> **What you should do**
Keep every word of the listing and reproduce it exactly, but set aside any image found there.

> **Recorded information**
━━━━━━━━━━━━━━━━━━━━━━━━━━━━━━
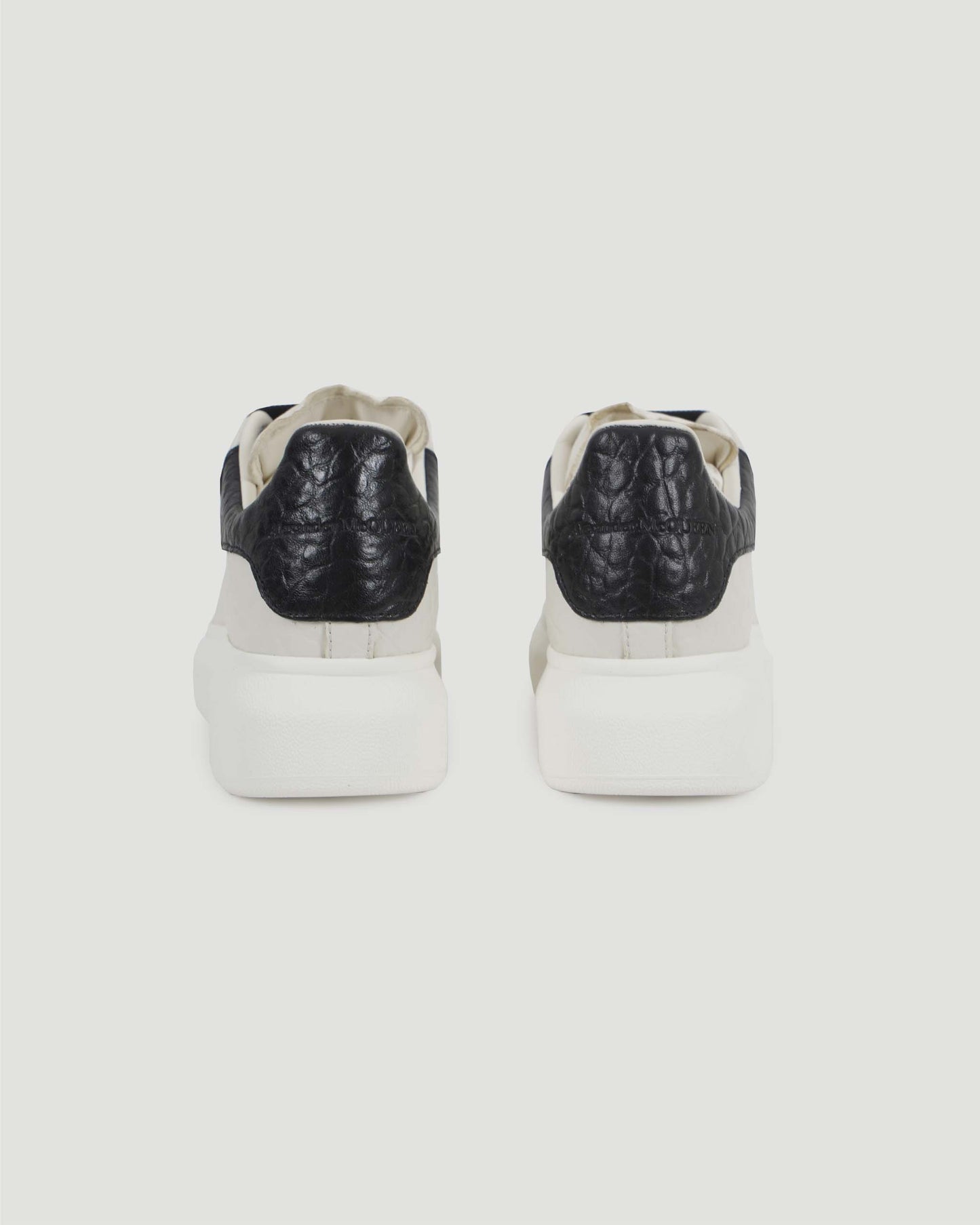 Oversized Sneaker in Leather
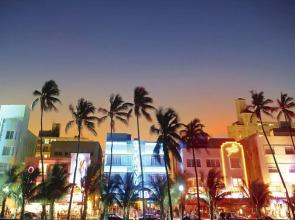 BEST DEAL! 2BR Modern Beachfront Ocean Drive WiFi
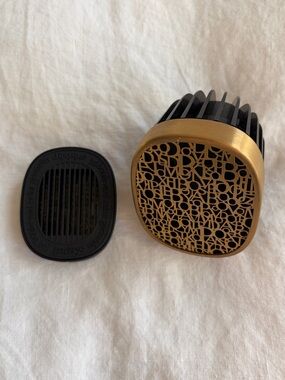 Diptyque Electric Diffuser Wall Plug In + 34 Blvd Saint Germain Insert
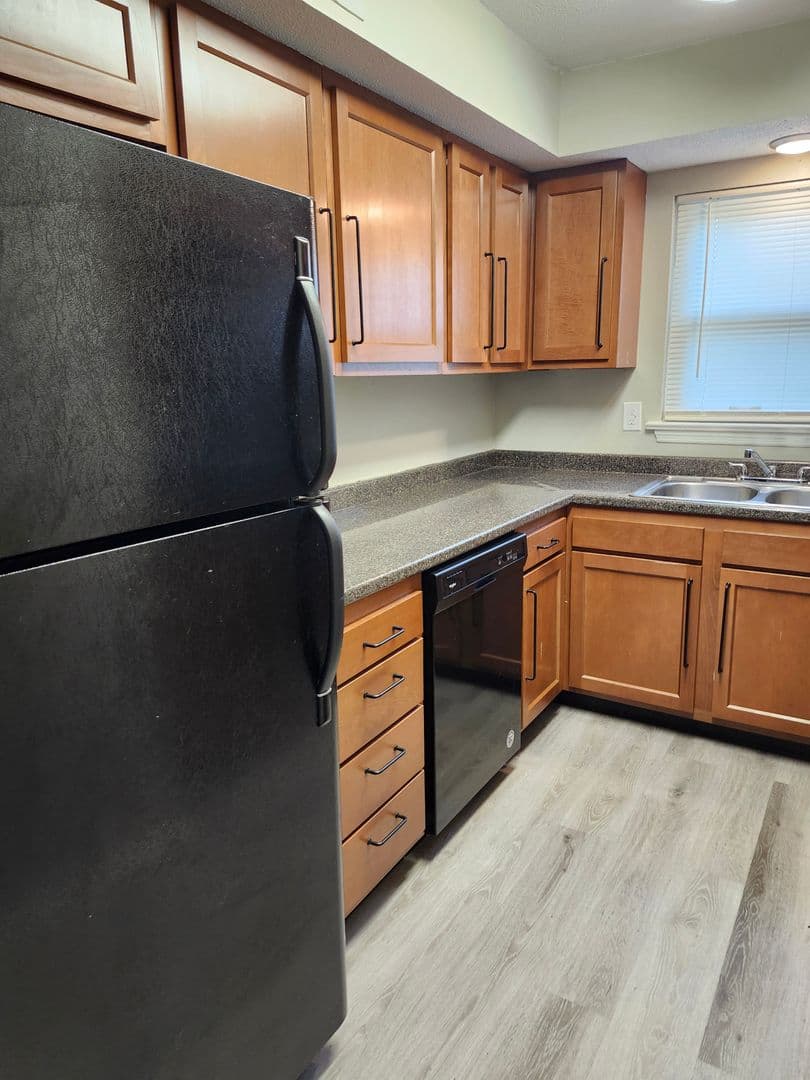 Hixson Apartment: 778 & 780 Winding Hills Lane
━━━━━━━━━━━━━━━━━━━━━━━━━━━━━━
> **Written answer**
 Oversized Sneaker in Leather
 BEST DEAL! 2BR Modern Beachfront Ocean Drive WiFi
 Diptyque Electric Diffuser Wall Plug In + 34 Blvd Saint Germain Insert
 Hixson Apartment: 778 & 780 Winding Hills Lane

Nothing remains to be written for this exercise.